A Utopian Period in My Life

For the period I lived in, I think I had a perfectly normal childhood. I was born in 1940 and I spent my early days on Mt Stromlo, Canberra. My Dad was an astronomer there. Then, soon after the war, my Dad got a professorship in London and we moved to that city. From then onwards, I can remember everything that happened there and I can evaluate it all. So I can compare my life then, with life as it now. And it is this comparison that I wish to tell you about here.
            In London I suppose my family was slightly better off than other ordinary people. But my family’s advantages were fairly marginal. There were seven of us in our family and we all fitted in a normal 4-bedroom house. So this didn’t exactly indicate an excess of wealth. We all went to the normal various local state schools and this was fine. We ate the same standard school lunches that all children did in the UK at the time. This was soon after the end of the war and the government had decreed that every child should have a least one good nutritional meal each day. That was a sensible decree and I partook of this meal everyday with pleasure. I have to admit most of the other school kids grew quite contemptuous of these school lunches. But I’m afraid all children are like this. Also, for a few years, many foods were still rationed. But I was completely happy with this rationing and it didn’t worry me at all.


This scene comes from Animal Farm.

We all have different ideas of Utopia.

When I look back at this period, I realise I lived in a rather Utopian world. Thus all people were treated fairly equally, as my discussion above has described. I remember the rates of pay that applied to the various workers in the long summer holidays, when I worked in the local cemetery. These figures were, of course, in shillings and pence. We temporary students were paid 3/1p per hour (i.e. 3 shillings and a penny per hour), the regular workers were paid 3/4p per hour, and the boss in charge was paid 3/6p an hour. I thought these rates were almost too egalitarian. We, the students, on the whole didn’t work anything like as hard as the normal regular workers. So we were over paid. The boss was overweight but in his way he was fairly conscientious. He used to go blue in the face, when in a passion, he told one of us students off for slacking. I thought he was likely to suffer from a heart-attack when he did this. I can’t see that it is worth a person risking their life for a mere tuppence an hour.
            There were still a few landholders nearby who had big houses with large grounds.
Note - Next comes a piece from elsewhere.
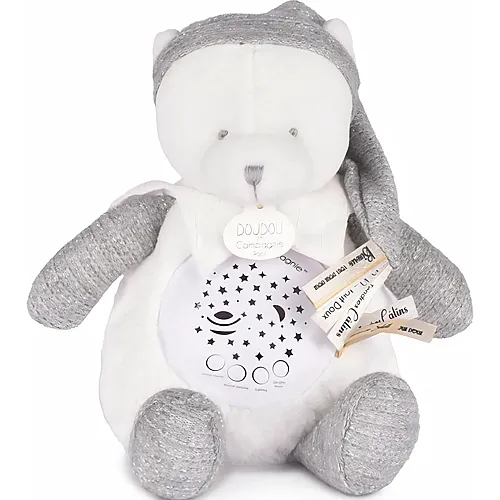 Doudou et Compagnie Nachtlicht Sterne & Musik, B�r silber 19cm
But these people allowed these grounds to be used for our church fetes and our scout groups to camp in. So these facilities were well used. As I remember the situation, no one worried too much about money then - at least not as much as we do now.
            Public transport was also very reasonable. My Mum could do all the family shopping just by using public transport. And I could get to school or uni either by public transport or by pushbike without difficulty. Our family car was almost only used for social trips on the weekends. When my scout group camped locally, which was quite often, we walked there pushing our trek-cart piled high with our gear. Our parents didn’t need to help us in these adventures at all.


In case you don't know, More's Utopia was

actually remarkably horrible.

And everything else was quite reasonable as well. So no one worked too hard and yet all people could obtain good simple practical jobs easily. All people had an adequate life-style in terms of material goods. And, most important of all, all people could have a good social life in terms of local groups like: church, scouts and many other active clubs and societies.
            But, as we all know, this quite recent Utopian world has now completely disappeared. So, in these webpages, I want to deal with the fundamental reason why all such Utopian worlds must always disappear. This is a subject I have become very passionate about. I hate to feel I am leaving this world in a worse state than the world in which I was brought up.










Please go to the We always accept the Easiest Path webpage now.


This is Rousseau's view of Utopia.


You might now also like to look back at:

either my "Home Page" (which introduces this whole website and lists all my webpages).

 or “Political Fundamentals or The Unstable Nature of Life”, which introduce these general subjects.


Updated on 9/11/2016.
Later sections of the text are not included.